* [Supplied records]
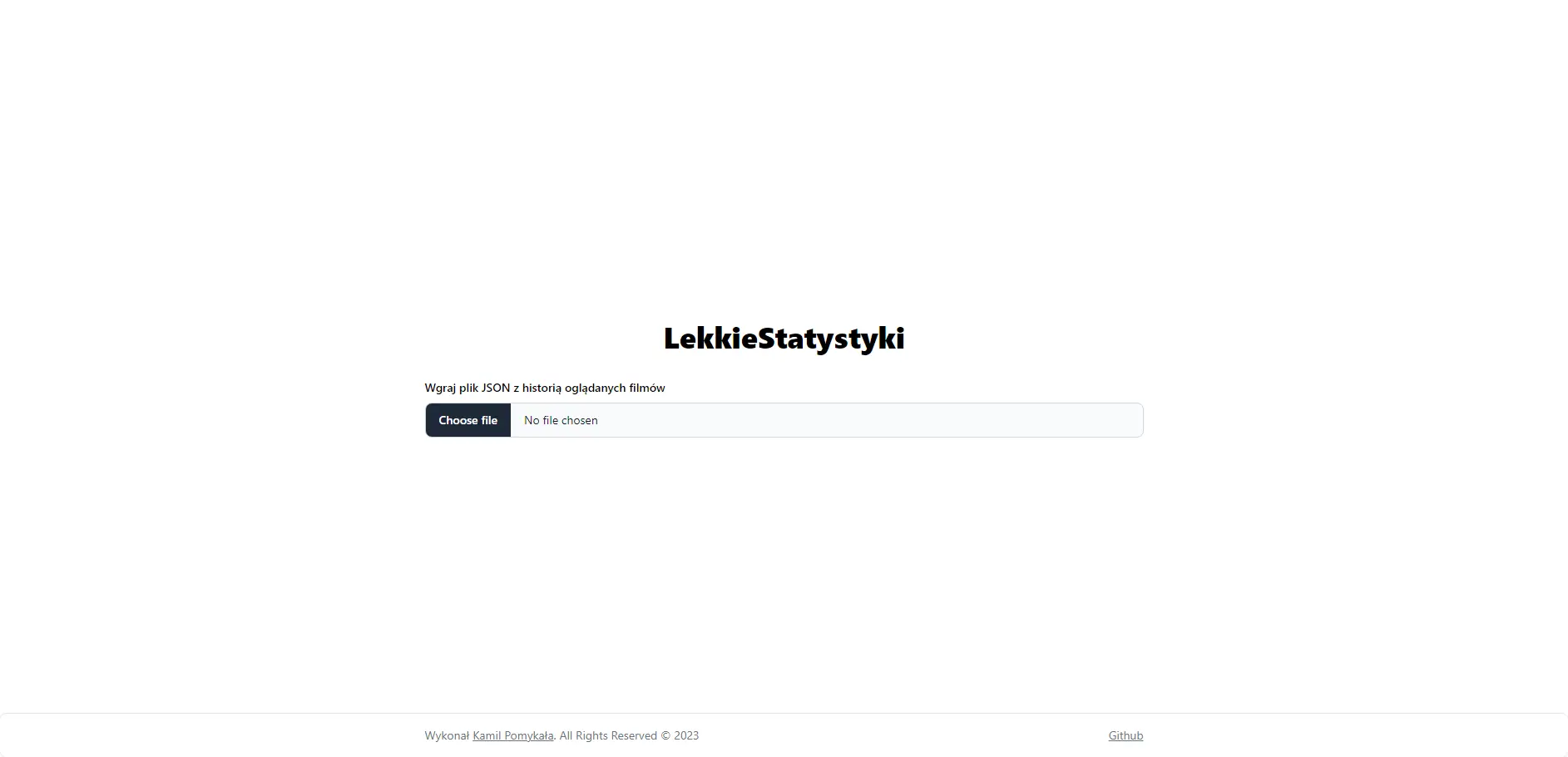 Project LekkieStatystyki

* * *

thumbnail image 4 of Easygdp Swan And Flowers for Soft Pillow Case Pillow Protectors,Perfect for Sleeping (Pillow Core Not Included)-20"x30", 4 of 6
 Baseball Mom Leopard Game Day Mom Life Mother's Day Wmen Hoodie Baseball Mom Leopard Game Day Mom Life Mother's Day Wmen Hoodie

---

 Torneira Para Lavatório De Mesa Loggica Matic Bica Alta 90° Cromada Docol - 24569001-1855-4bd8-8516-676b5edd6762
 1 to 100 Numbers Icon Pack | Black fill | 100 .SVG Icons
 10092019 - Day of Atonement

* [Task statement]
Exact duplication is required for the lines above, from the line that contains "1 to 100 Numbers" to the line that contains "10092019 - Day of Atonement", inclusive; omit all others.

* [Response to this exercise]
 1 to 100 Numbers Icon Pack | Black fill | 100 .SVG Icons
 10092019 - Day of Atonement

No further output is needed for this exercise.